23 ~ Hari kedua dengan Indra ~

38 10 0
                                    

"Tempat apa ini?" Tanya Nandia bingung. Dia belum pernah pergi ke tempat ini.

"Mau disini aja atau turun?" Indra tidak mendapati Nandia menjawab bahkan merespon kalimatnya.

Mata Nandia masih memandang bagunan di hadapannya. Seperti rumah, tapi milik siapa? Untuk apa kesini? Nandia masih diam.

"Kalo kamu gak turun, kamu gak bakal tau apa yang kamu liat." Indra langsung membuka pintu dan keluar. Dari luar Indra masih saja melihat Nandia tercengang.

Indra mengetuk ngetuk bagian depan mobilnya. Berhasil membuat Nandia membuyarkan dari lamunannya itu. Bergegas keluar mengikuti Indra yang sepetinya akan memasuki rumah itu.

"Tunggu!" Indra menoleh pada Nandia yang kini sudah menyamai jalan di sampingnya.

Tidak perlu mengetuknya Indra langsung masuk saja. Rumah ini tidak terkunci namun di depannya terdapat dua sekuriti yang sedang berjaga. Tidak tahulah dengan tempat ini.
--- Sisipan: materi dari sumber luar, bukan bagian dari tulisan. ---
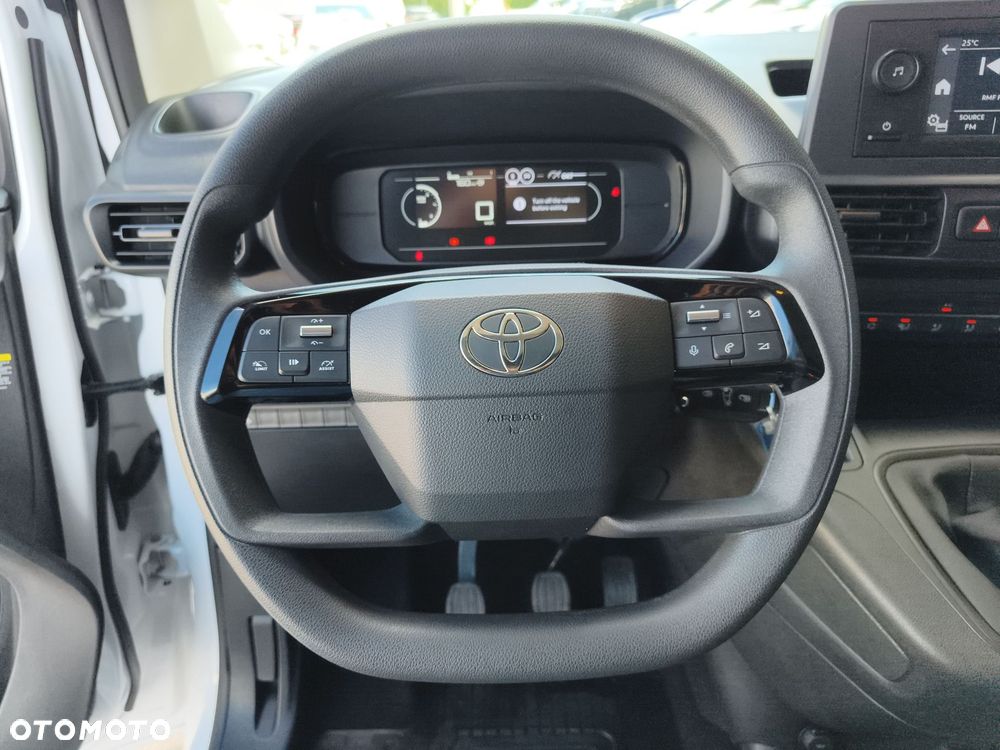 Toyota PROACE CITY - 17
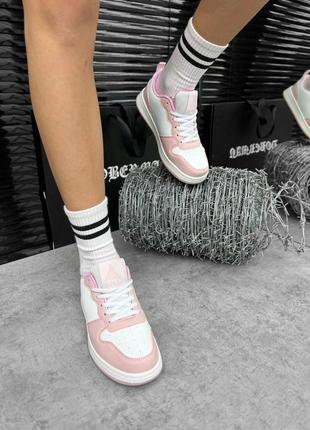 Женские кроссовки на осень в стиле найк аэр джордан белые с розовым2 фото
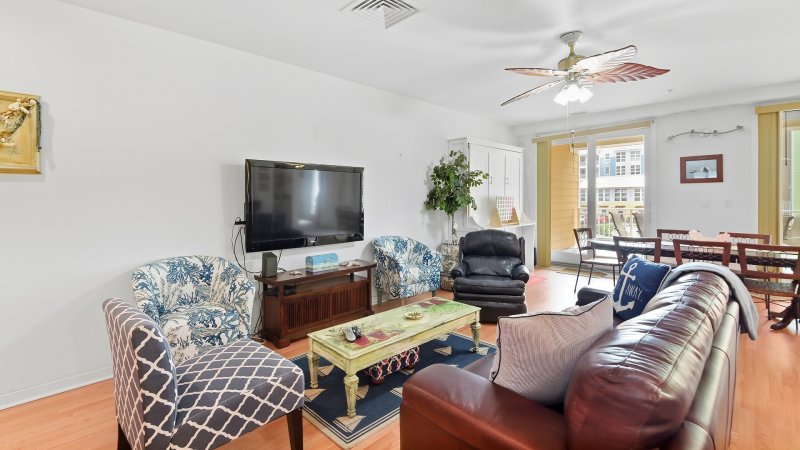 Mango Tango – Living Room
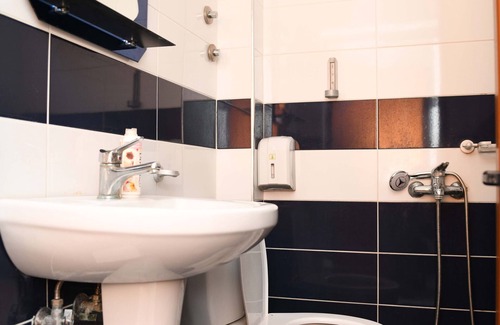 Kucove Hotel | Hotel Bardhi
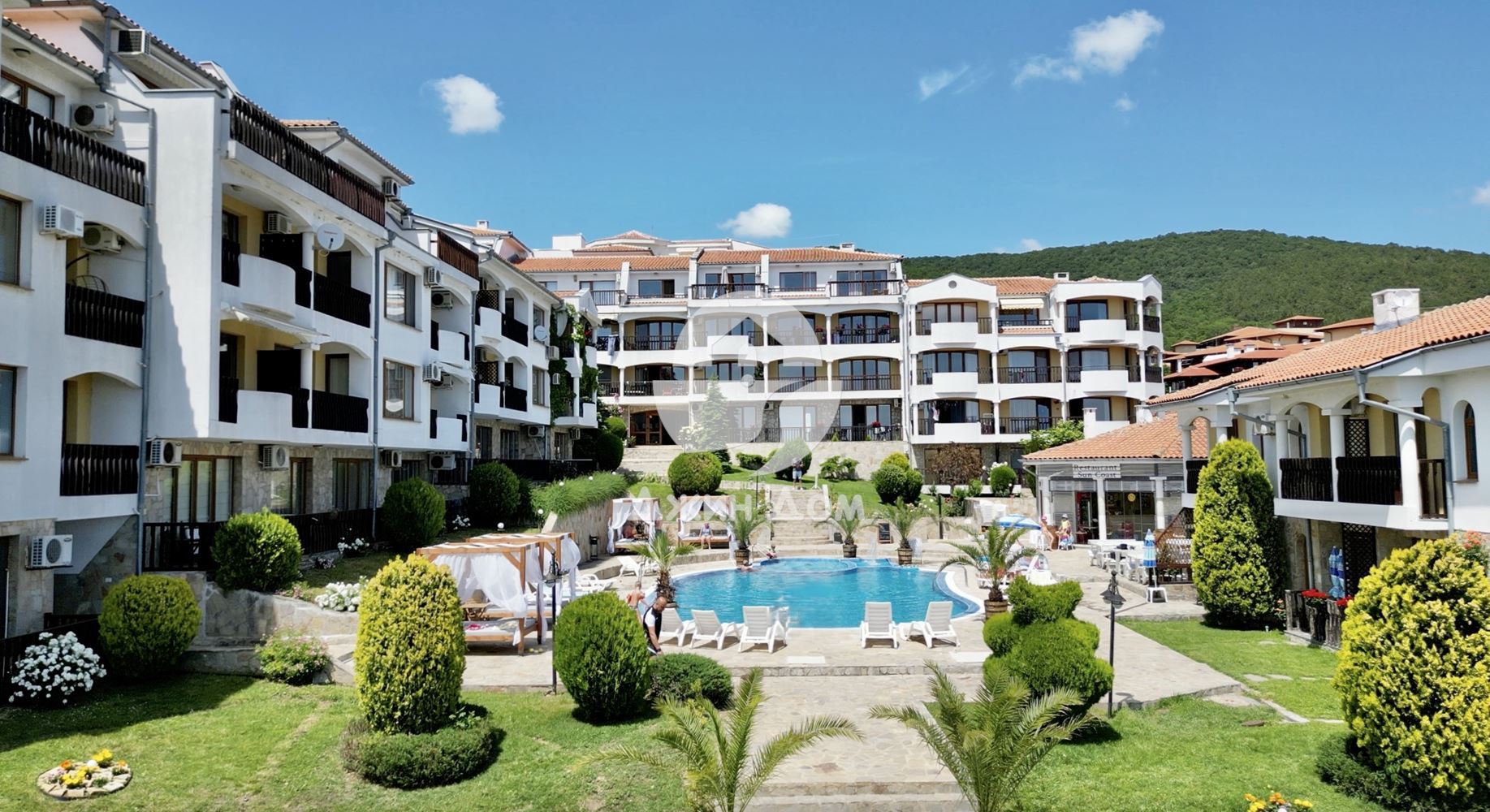 Тристаен апартамент с ГЛЕДКА МОРЕ в Сън Коуст Резорт, гр. Свети Влас - 0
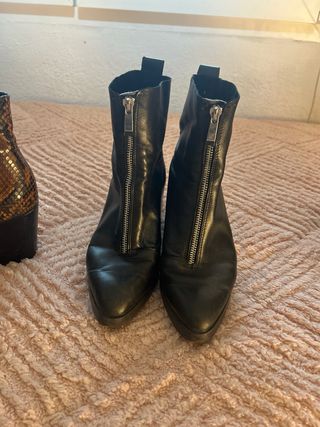 Tres pares de botines talla 38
Saat masuk ada seorang laki - laki tua menghampiri Indra. Berkuliat hitam langsap dan sudah begitu banyak urat di tangannya yang tampak terlihat jelas. Pria itu di salami oleh Indra yang dengan spontan Nandia mengikutinya.

"Sudah lama tidak jumpa, Pak." Kata Indra tersenyum dengan bapak tersebut.

"Sudah, seperti tujuh musim berganti kita tidak berjumpa. Bagaimana kabar kamu?" bapak tersebut menepuk pundak Indra yang sepertinya mereka sudah mengenal lama. Bapak tersebut berjalan membawa kami ke dalam ruangan selanjutnya.

Nandia tercengang. Benar - benar terkejut saat begitu banyam lukisan terpampang jelas di setiap sisi dinding rumah ini. Apakah ini biaa di sebut galesi seni lukisan? Tapi kenapa tidak ada tulisan di depan sana tadi? Tapi ini benar seperti galeri lukisan.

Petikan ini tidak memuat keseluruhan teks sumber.